* [How to complete this task]
Within the entries below, please return exactly the lines from the one with "WI license plate 909ODB" through the one with "Mega Collections plantenpot/bloempot", leaving out any pictures.

* [Records supplied]
•••••

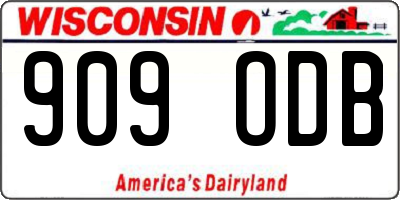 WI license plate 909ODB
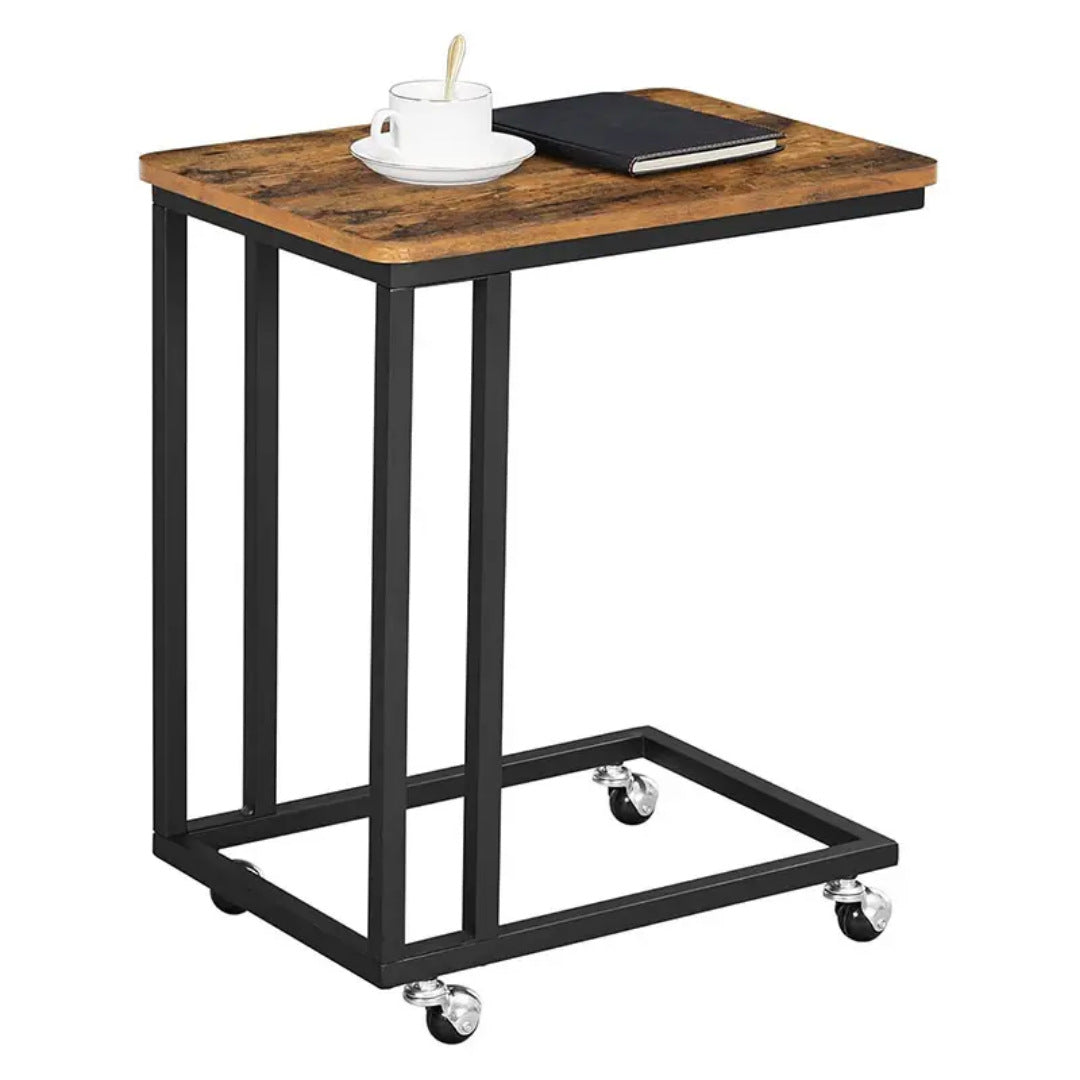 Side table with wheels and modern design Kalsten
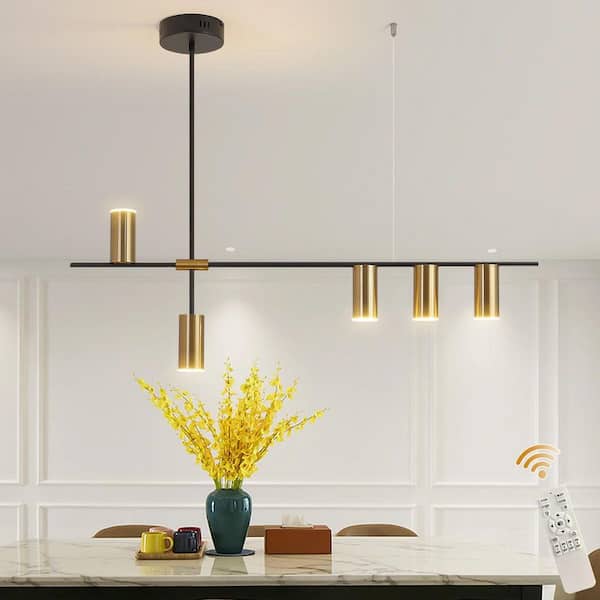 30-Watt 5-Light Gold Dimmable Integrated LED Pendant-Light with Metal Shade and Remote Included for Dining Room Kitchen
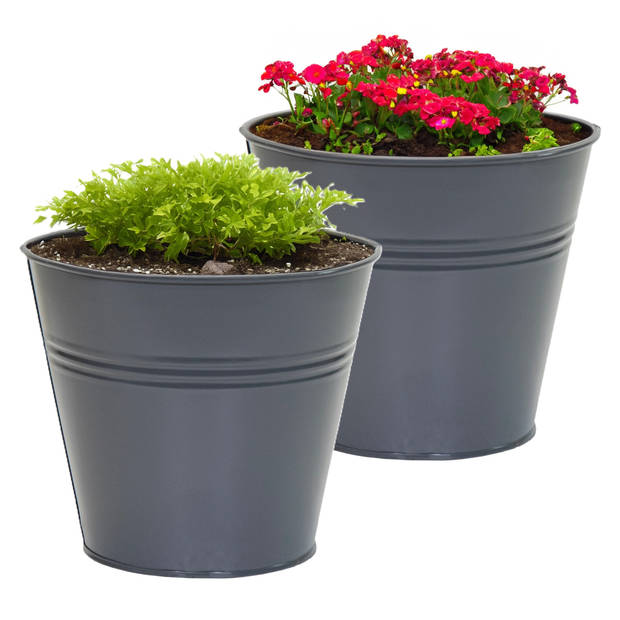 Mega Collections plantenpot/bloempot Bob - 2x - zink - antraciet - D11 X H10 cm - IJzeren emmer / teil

•••••

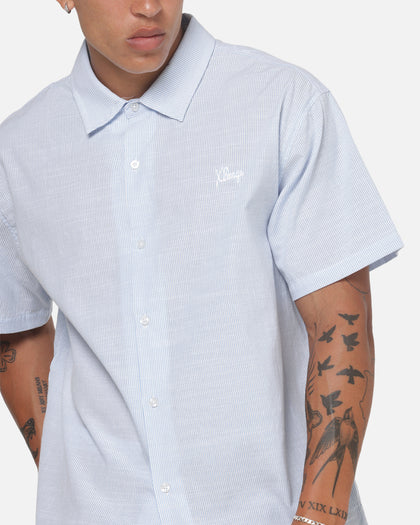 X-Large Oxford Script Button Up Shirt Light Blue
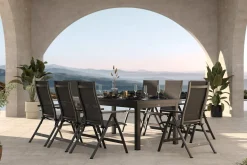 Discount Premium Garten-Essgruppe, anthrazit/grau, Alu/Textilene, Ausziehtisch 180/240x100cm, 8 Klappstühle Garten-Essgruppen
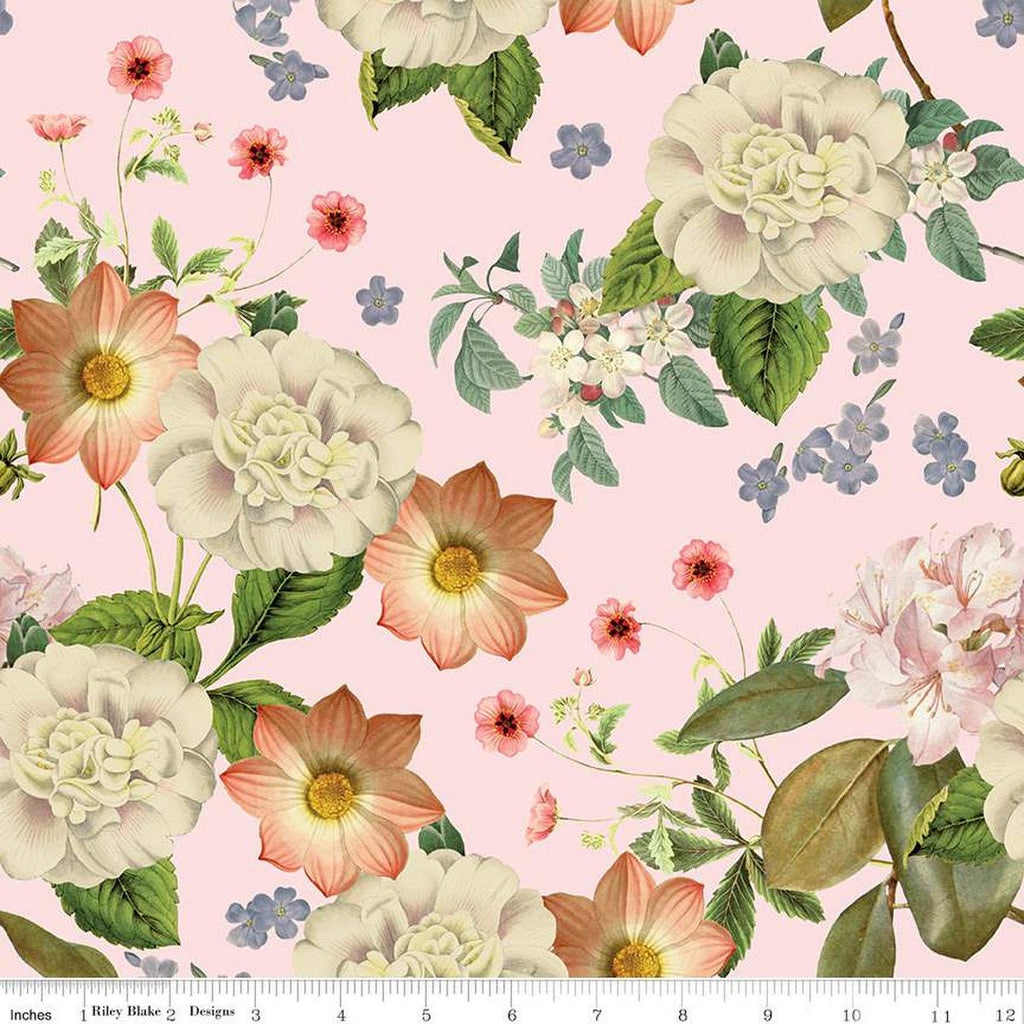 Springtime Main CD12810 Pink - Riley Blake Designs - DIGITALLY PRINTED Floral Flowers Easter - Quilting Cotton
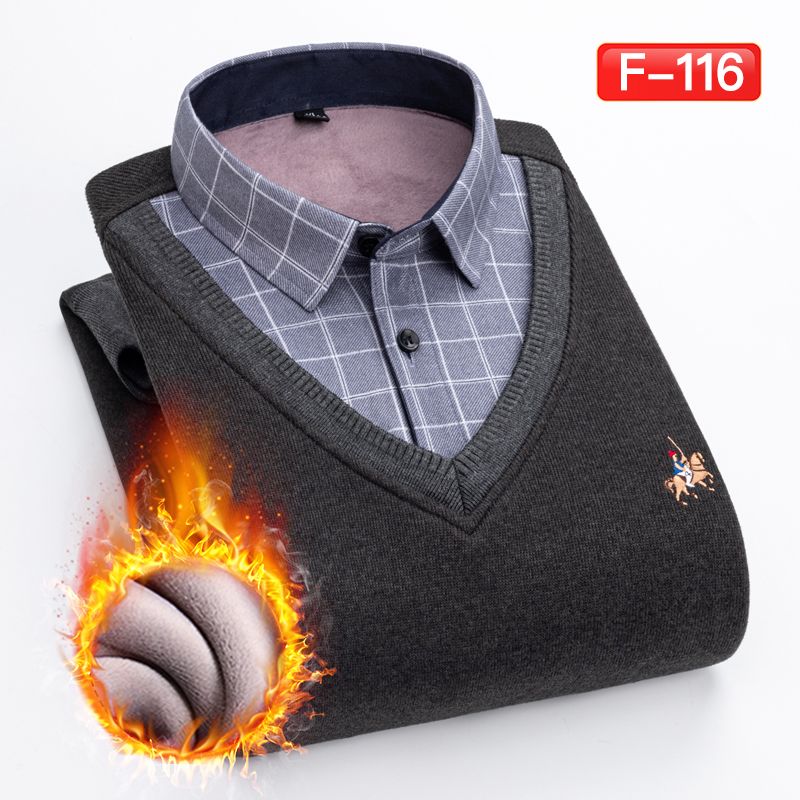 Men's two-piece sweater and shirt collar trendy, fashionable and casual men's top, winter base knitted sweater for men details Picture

•••••

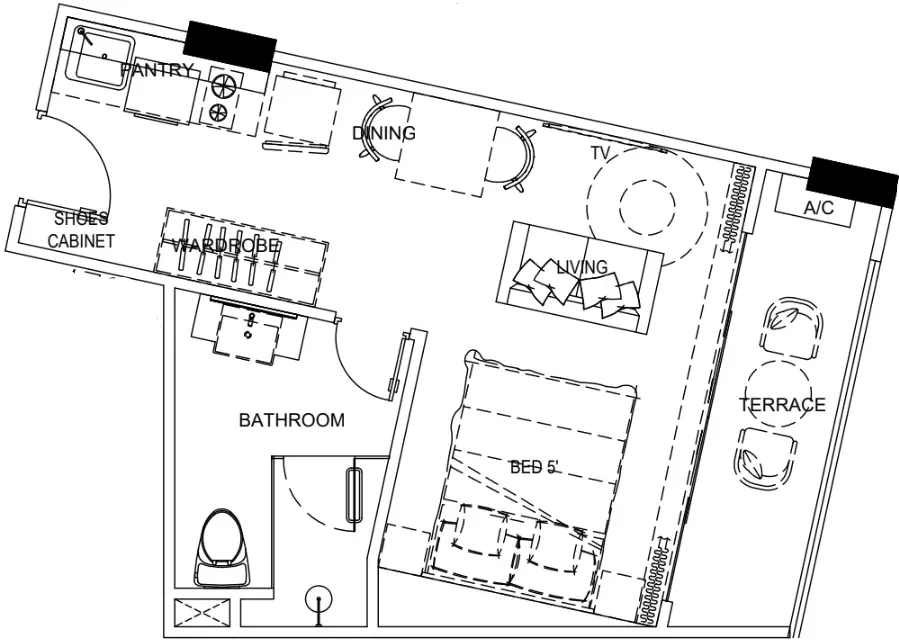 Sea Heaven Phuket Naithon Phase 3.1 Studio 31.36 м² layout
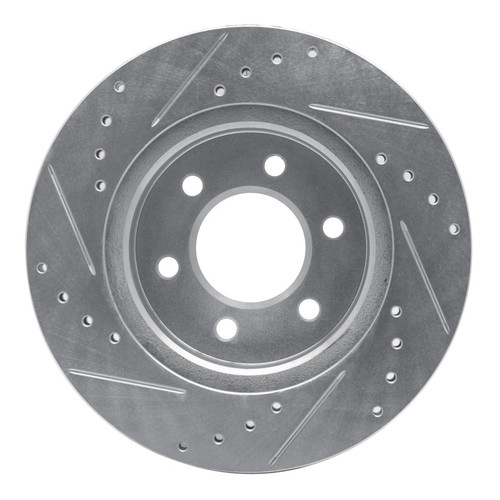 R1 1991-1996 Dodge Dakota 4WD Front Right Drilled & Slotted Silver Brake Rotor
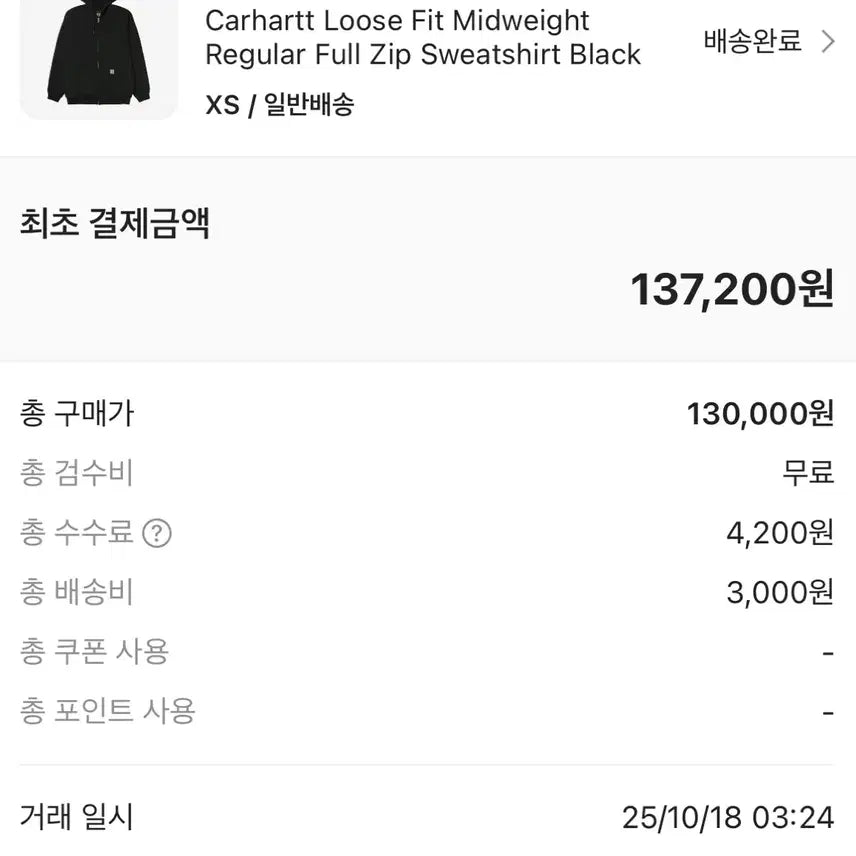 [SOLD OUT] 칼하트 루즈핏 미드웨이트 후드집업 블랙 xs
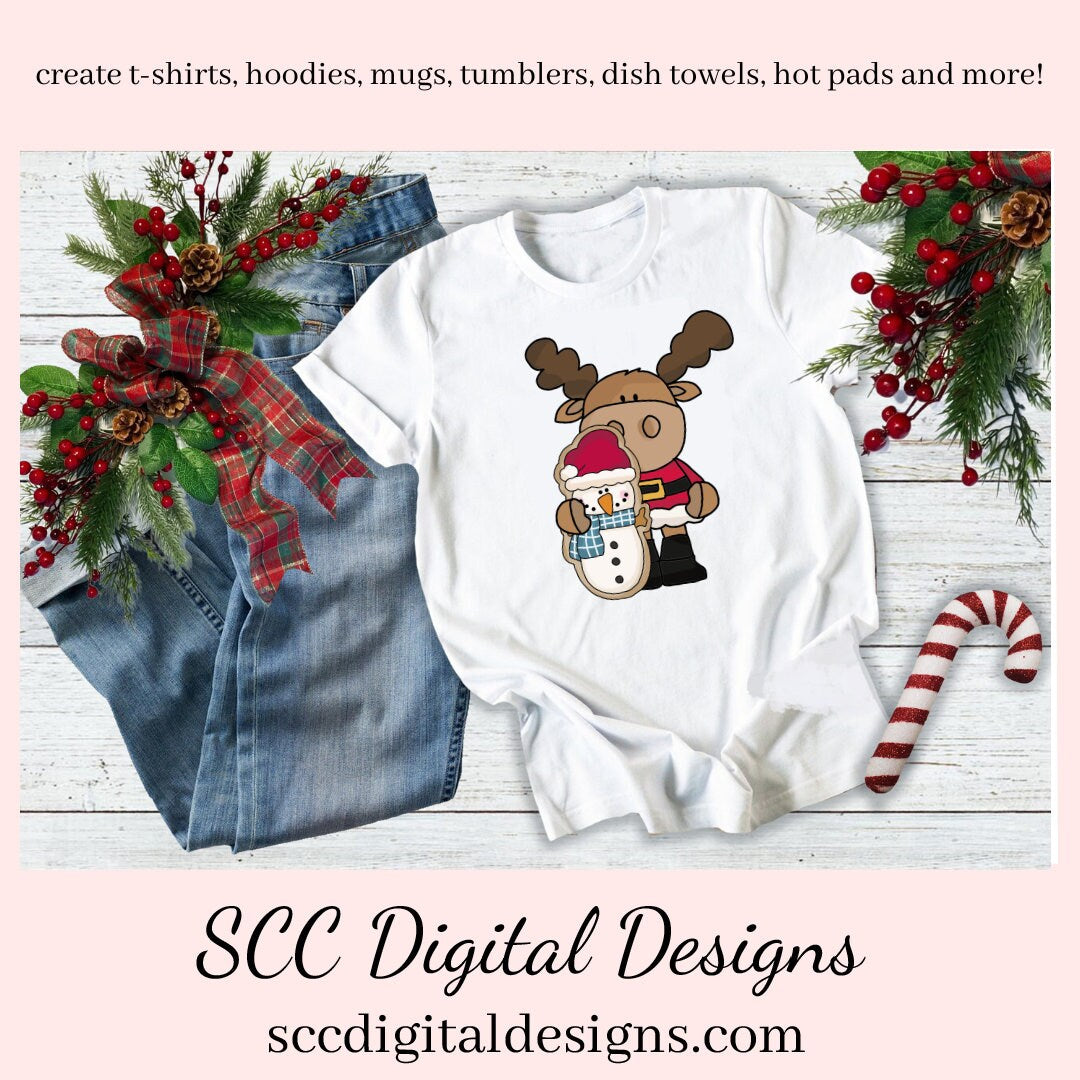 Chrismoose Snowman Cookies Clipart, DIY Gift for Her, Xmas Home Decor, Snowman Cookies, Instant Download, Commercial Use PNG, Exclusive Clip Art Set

•••••

* [Your solution]
 WI license plate 909ODB
 Side table with wheels and modern design Kalsten
 30-Watt 5-Light Gold Dimmable Integrated LED Pendant-Light with Metal Shade and Remote Included for Dining Room Kitchen
 Mega Collections plantenpot/bloempot Bob - 2x - zink - antraciet - D11 X H10 cm - IJzeren emmer / teil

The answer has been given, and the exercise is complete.